----- RECORDS FOR THIS EXERCISE

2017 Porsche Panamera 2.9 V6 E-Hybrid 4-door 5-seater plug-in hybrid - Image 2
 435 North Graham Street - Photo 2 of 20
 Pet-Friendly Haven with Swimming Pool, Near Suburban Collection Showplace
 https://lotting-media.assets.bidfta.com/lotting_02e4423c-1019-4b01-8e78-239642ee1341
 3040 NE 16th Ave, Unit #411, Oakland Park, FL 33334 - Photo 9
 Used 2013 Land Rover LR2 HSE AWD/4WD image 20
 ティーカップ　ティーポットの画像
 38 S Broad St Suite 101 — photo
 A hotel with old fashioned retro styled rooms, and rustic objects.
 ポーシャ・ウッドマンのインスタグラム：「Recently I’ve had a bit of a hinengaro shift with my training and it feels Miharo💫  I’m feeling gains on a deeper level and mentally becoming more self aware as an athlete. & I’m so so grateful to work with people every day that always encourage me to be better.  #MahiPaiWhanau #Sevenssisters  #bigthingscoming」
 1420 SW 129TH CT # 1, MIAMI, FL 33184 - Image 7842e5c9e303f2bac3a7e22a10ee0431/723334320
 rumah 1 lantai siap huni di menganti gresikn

----------

» EXERCISE:
Above are several records. Count the lines among them that contain "with" and give only the total.

» RESPONSE TO THIS TASK:
3